- [Information shown]

►

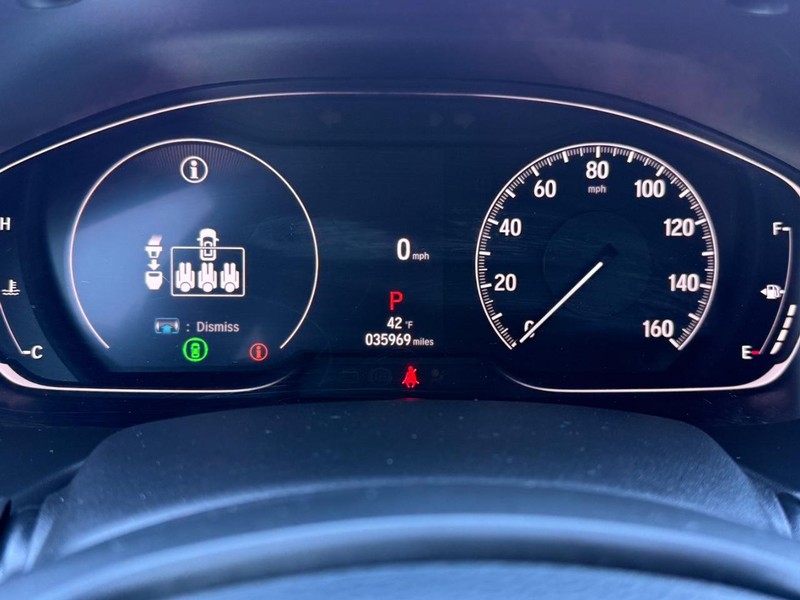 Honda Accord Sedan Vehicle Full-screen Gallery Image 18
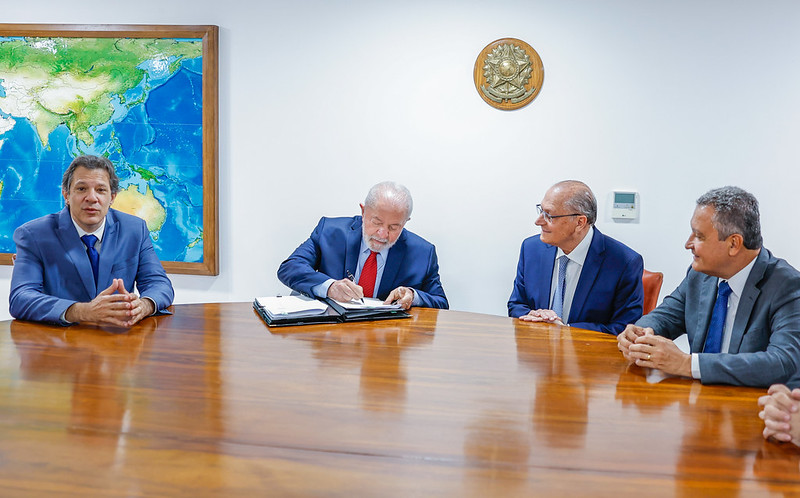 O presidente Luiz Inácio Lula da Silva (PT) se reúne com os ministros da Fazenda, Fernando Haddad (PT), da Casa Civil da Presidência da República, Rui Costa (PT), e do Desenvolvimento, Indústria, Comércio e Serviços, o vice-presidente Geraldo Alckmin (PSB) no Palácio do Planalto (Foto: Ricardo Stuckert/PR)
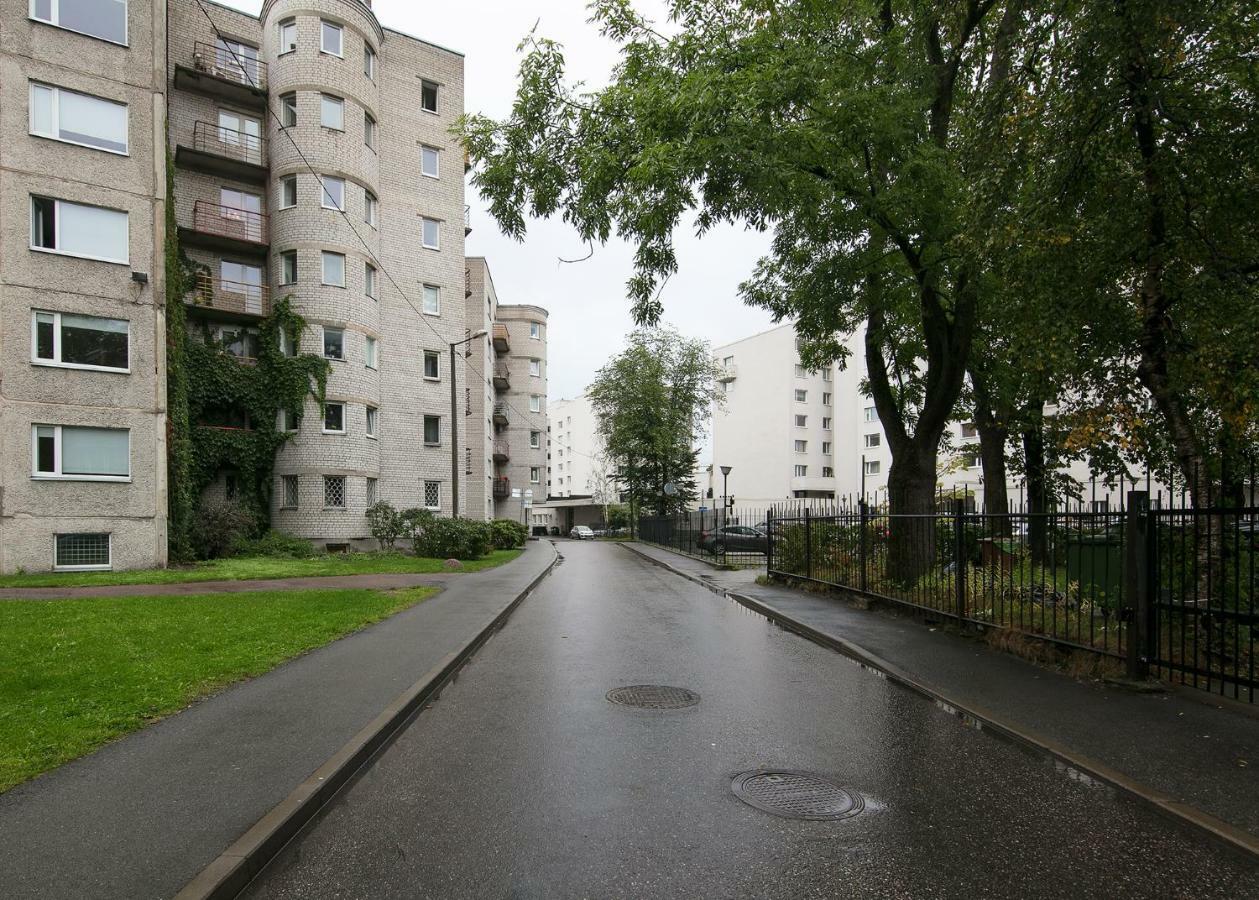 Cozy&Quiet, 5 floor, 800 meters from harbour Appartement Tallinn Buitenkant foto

◄

- [What you have to do] Print only the lines running from the line that contains "O presidente Luiz" to the final line of the listing, both included. Omit every picture.

- [Answer below]
 O presidente Luiz Inácio Lula da Silva (PT) se reúne com os ministros da Fazenda, Fernando Haddad (PT), da Casa Civil da Presidência da República, Rui Costa (PT), e do Desenvolvimento, Indústria, Comércio e Serviços, o vice-presidente Geraldo Alckmin (PSB) no Palácio do Planalto (Foto: Ricardo Stuckert/PR)
 Cozy&Quiet, 5 floor, 800 meters from harbour Appartement Tallinn Buitenkant foto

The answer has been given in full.